A la mayoría de nosotros, que nos sentimos pobres y desgraciados, que creemos que, al nacer, hemos caído del lado equivocado de la red, nos bastaría un paseo por las facultades y escuelas privadas donde se forman las clases acomodadas de este país para huir despavoridos. No tengo ni idea de cómo vive un verdadero millonario: no conozco a ninguno; pero sí que trato a menudo con esas personas a las que se mira con envidia porque mientras bajamos al metro ellos pasan con sus Mercedes, hijos de directivos de grandes empresas, herederos de medianos negocios familiares, aquellos que aún se pueden permitir un buen piso en el centro de la ciudad.
Pues bien, al entrar en cualquier carrera que no sea tradicionalmente de izquierdas en una universidad madrileña te das cuenta de que, en este país, las personas que manejan el dinero, las finanzas o a las que, si la estratificación de la sociedad en clases aún tuviera sentido y lo tiene, se consideraría “clase alta”, siguen siendo tan rancias y casposas como lo podían ser hace cuarenta años. En España muchos altos cargos de multinacionales los sigue eligiendo el Opus, pesan todavía los apellidos e incluso entre el alto funcionariado es complicado encontrar a quien no sea el último eslabón de una larga saga familiar.
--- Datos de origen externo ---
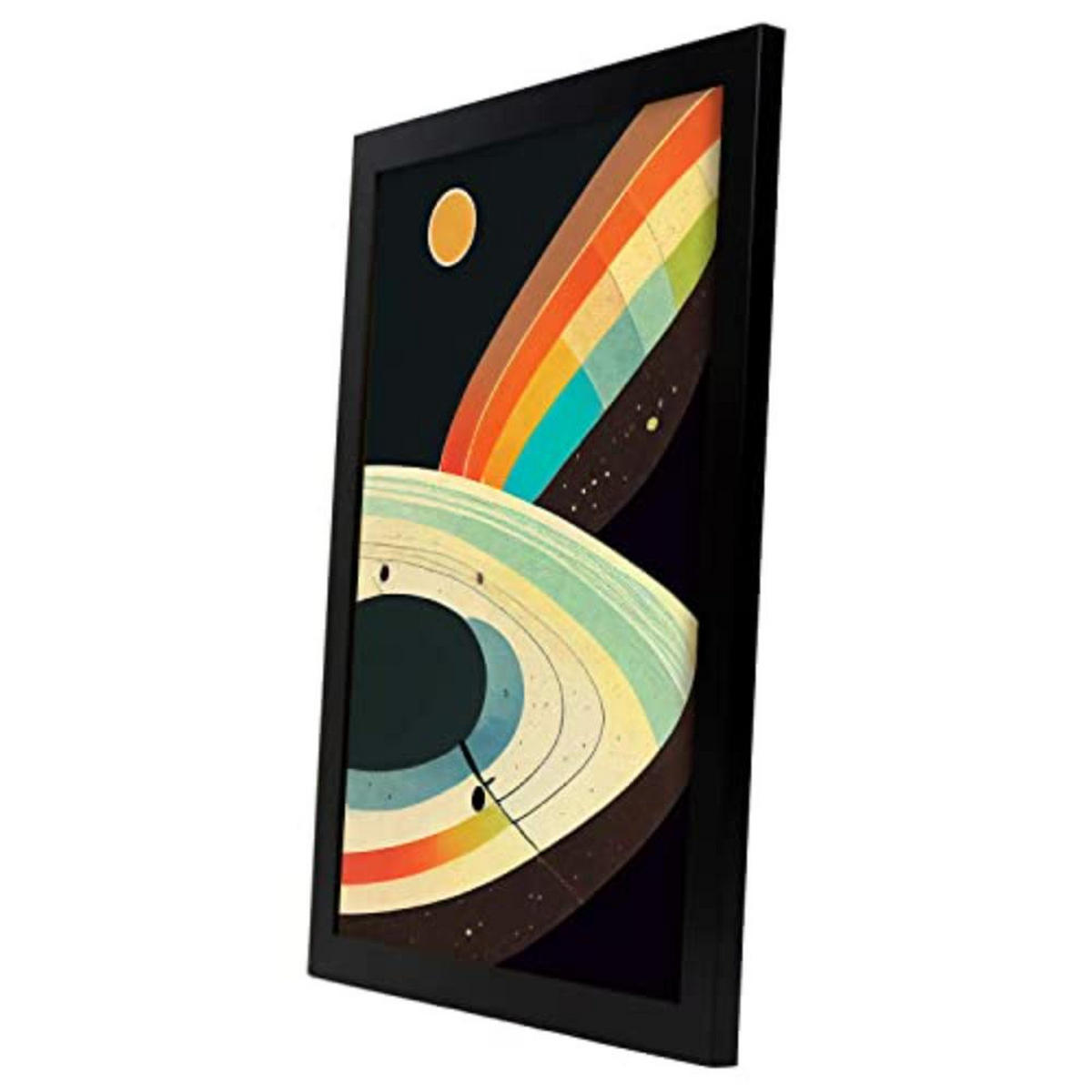 POSTER Set mit 4 Abstrakt Kurve Moderne Galaxien A3 Schwarzer Rahmen - Schwarz, Papier (29.7/3cm) - Nacnic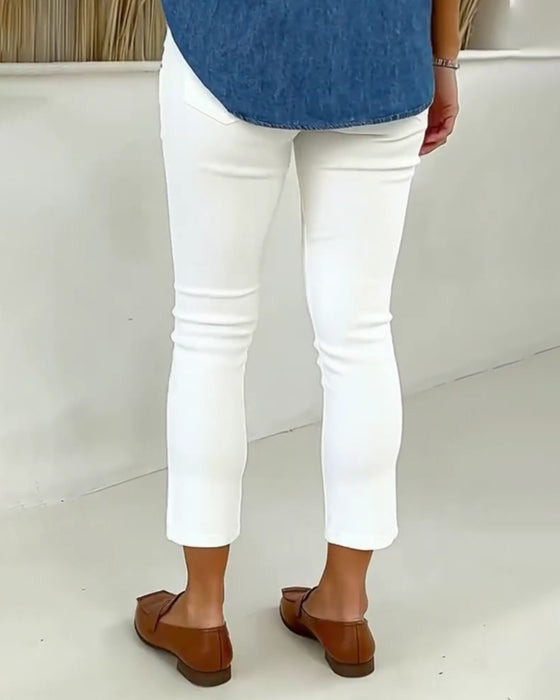 Broek Hoge Taille Slim-Fit Geknipt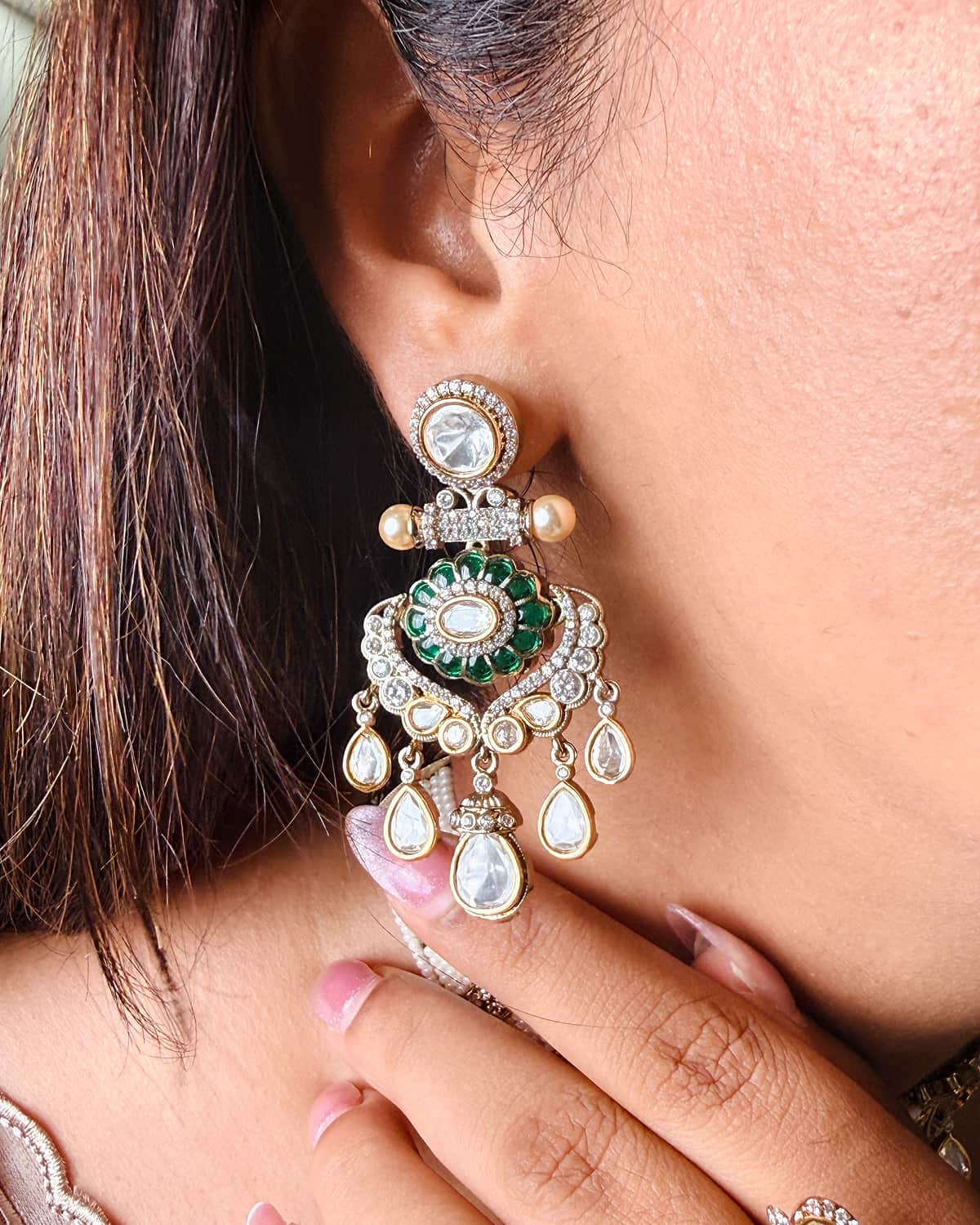 Mumtaz Moissanite & Pearl Choker Set
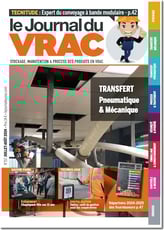 Couverture du Journal du Vrac consacré au Transfert et dans lequel est publié un article sur les économies générées pas le transfert de poudres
Y aunque la existencia de un techo de cristal para los humildes sea lamentable a nivel ético, es la maloliente estética de estos grupos de poder lo que más me indigna. Como aquí el dinero no suele proceder de una tradición de profesionales liberales y cultos, o de industriales con buen olfato para los negocios, sino más bien de la acumulación de privilegios rurales, los códigos que manejan son más cortijeros que cosmopolitas.
Estamos hablando de que las personas (vuelvo a invitar al paseo por, qué sé yo, el ICADE) que van a manejar la economía de este país con veinte años siguen divirtiéndose en “capeas universitarias”, se relacionan con un machismo exacerbado y, fuera del objeto de sus estudios, intuyen una sola idea: la de España como marca de ropa.
Estoy hablando de gente que se gasta cientos de euros en reservados de discotecas para estar escuchando canciones aflamencadas que nada tienen que ver con el flamenco y para observar a las pijas de quijada equina (siglos de endogamia han dado esas mandíbulas a nuestras rubicundas amigas) con las que, además y esto es casi lo más grave, no follan.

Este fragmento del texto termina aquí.